*ASSIGNMENT*
Nothing but an exact copy is asked for: the lines in the material below from the one with "Rose-like flower-like card" through the one with "Tampa Block Letter", pictures excluded.

*RECORDS SHOWN*
╭──

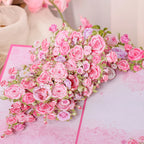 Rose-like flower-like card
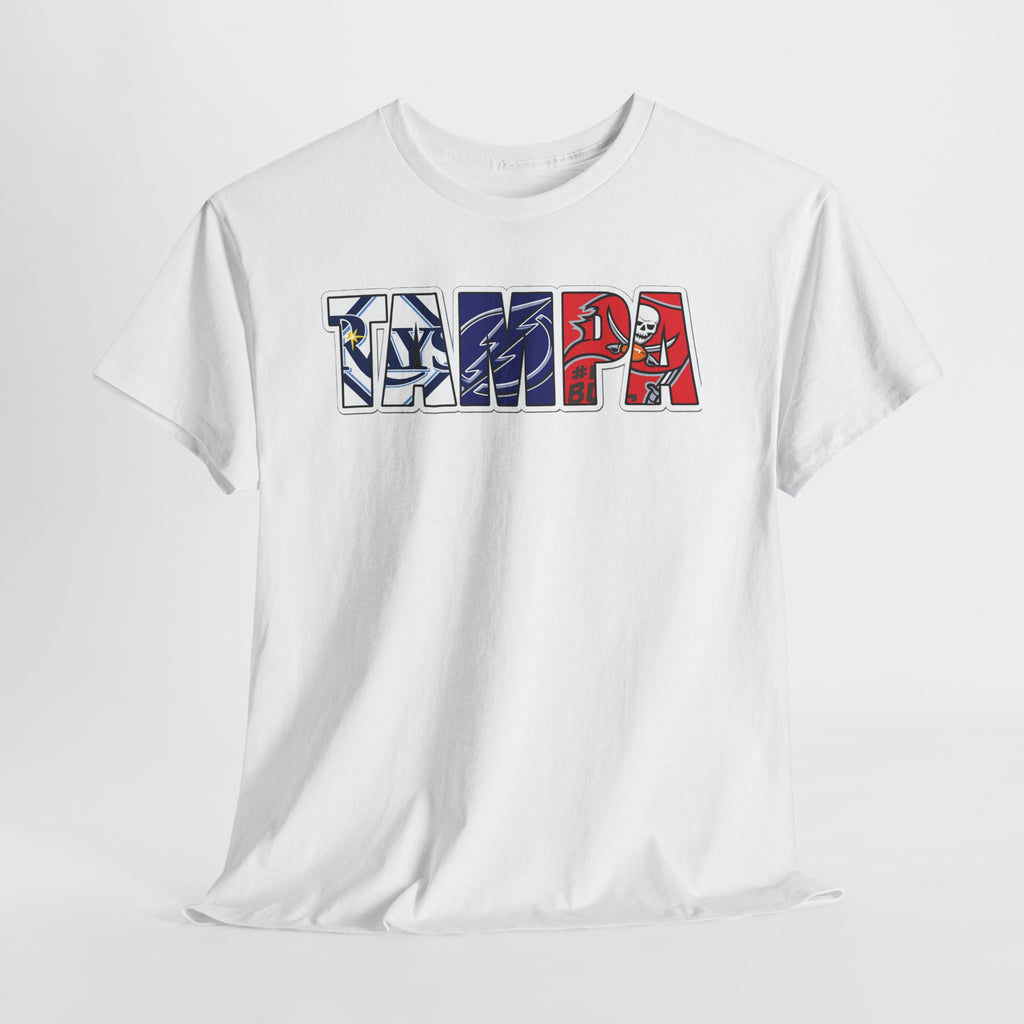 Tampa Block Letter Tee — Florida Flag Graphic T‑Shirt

╰──
╭──

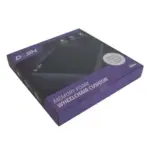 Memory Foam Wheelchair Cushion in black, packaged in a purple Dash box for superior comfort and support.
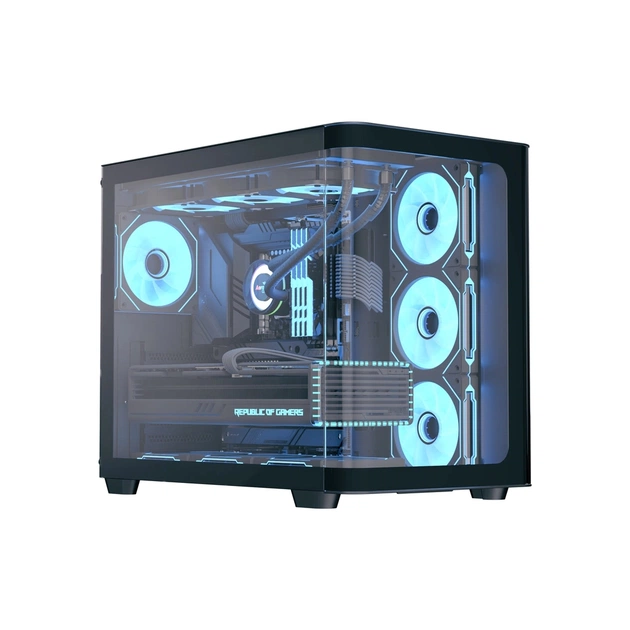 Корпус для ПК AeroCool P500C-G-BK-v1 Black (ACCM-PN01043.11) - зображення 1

╰──

*RESULT OF THIS EXERCISE*
 Rose-like flower-like card
 Tampa Block Letter Tee — Florida Flag Graphic T‑Shirt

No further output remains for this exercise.